• **Work to be completed**: From the listing below, give again exactly the lines from the line with "Shopping basket filled" to the line with "Office Executive Tables", ends included, without any pictures.

• **Dataset records**:
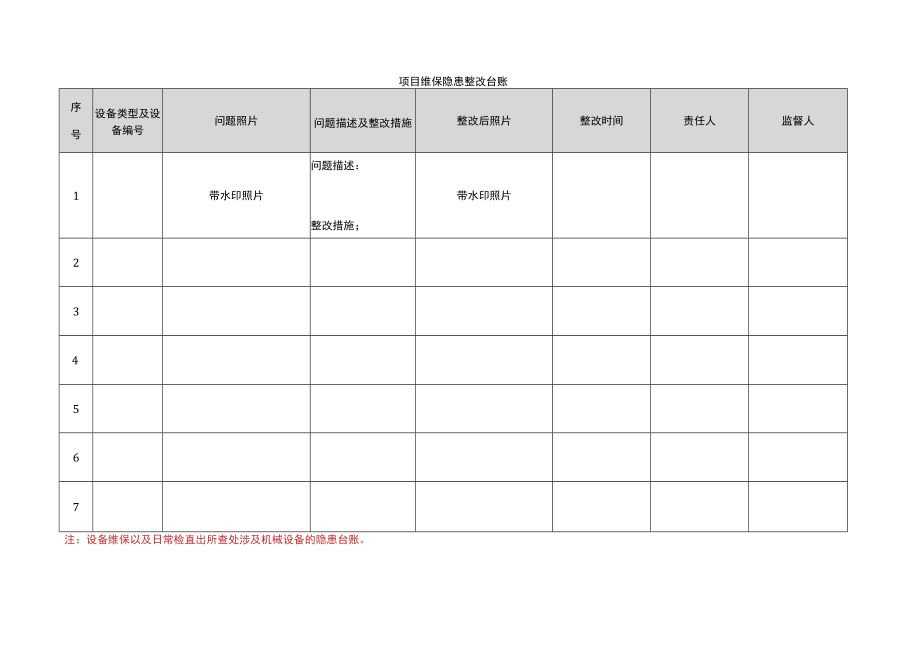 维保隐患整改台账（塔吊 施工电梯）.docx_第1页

==

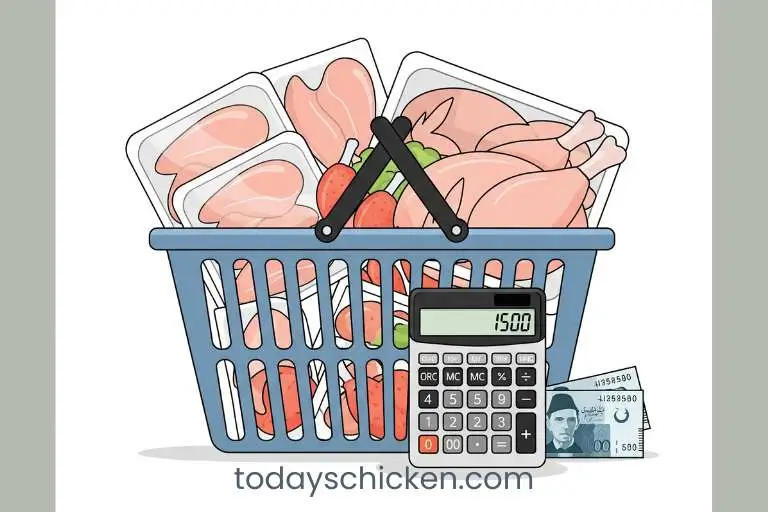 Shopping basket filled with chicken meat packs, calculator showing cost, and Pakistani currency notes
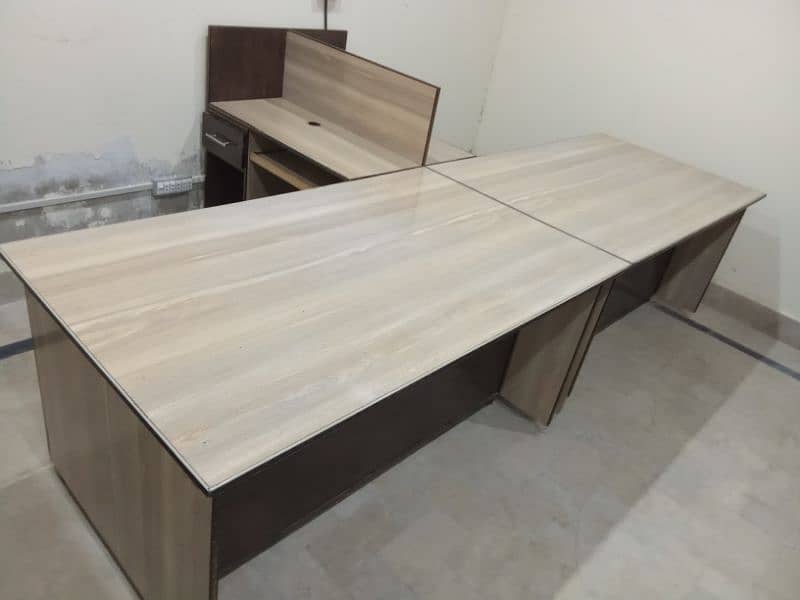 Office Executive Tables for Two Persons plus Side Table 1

==

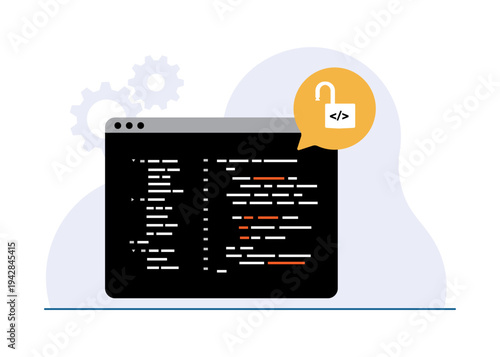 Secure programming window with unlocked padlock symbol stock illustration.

• **Response to this task**:
 Shopping basket filled with chicken meat packs, calculator showing cost, and Pakistani currency notes
 Office Executive Tables for Two Persons plus Side Table 1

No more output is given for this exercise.